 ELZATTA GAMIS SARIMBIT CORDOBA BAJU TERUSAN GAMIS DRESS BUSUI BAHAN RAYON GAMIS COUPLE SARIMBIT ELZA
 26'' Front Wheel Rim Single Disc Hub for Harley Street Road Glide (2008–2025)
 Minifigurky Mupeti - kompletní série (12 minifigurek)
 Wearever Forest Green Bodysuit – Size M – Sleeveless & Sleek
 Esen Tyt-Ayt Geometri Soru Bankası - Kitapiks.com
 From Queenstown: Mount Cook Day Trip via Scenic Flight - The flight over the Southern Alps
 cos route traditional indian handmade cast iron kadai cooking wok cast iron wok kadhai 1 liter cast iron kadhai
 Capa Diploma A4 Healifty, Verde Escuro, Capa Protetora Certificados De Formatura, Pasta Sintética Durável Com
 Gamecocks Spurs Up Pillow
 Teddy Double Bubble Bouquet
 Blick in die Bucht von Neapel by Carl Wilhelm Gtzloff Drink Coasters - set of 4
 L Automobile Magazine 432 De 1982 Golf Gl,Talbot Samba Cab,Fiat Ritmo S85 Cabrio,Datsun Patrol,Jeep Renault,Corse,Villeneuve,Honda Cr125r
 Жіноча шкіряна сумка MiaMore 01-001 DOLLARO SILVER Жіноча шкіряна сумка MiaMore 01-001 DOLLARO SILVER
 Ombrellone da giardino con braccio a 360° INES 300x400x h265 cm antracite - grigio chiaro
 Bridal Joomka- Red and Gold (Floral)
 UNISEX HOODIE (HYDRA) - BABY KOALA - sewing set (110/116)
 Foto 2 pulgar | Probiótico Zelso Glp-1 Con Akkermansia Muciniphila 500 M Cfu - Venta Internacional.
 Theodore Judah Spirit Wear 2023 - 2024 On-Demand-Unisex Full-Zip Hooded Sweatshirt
******
▸ ASSIGNED TASK
In the entries above, one line contains "Wearever Forest Green" and another contains "UNISEX HOODIE (HYDRA)". Reproduce exactly those two lines and the lines between them, nothing else.

▸ EXERCISE RESULT
 Wearever Forest Green Bodysuit – Size M – Sleeveless & Sleek
 Esen Tyt-Ayt Geometri Soru Bankası - Kitapiks.com
 From Queenstown: Mount Cook Day Trip via Scenic Flight - The flight over the Southern Alps
 cos route traditional indian handmade cast iron kadai cooking wok cast iron wok kadhai 1 liter cast iron kadhai
 Capa Diploma A4 Healifty, Verde Escuro, Capa Protetora Certificados De Formatura, Pasta Sintética Durável Com
 Gamecocks Spurs Up Pillow
 Teddy Double Bubble Bouquet
 Blick in die Bucht von Neapel by Carl Wilhelm Gtzloff Drink Coasters - set of 4
 L Automobile Magazine 432 De 1982 Golf Gl,Talbot Samba Cab,Fiat Ritmo S85 Cabrio,Datsun Patrol,Jeep Renault,Corse,Villeneuve,Honda Cr125r
 Жіноча шкіряна сумка MiaMore 01-001 DOLLARO SILVER Жіноча шкіряна сумка MiaMore 01-001 DOLLARO SILVER
 Ombrellone da giardino con braccio a 360° INES 300x400x h265 cm antracite - grigio chiaro
 Bridal Joomka- Red and Gold (Floral)
 UNISEX HOODIE (HYDRA) - BABY KOALA - sewing set (110/116)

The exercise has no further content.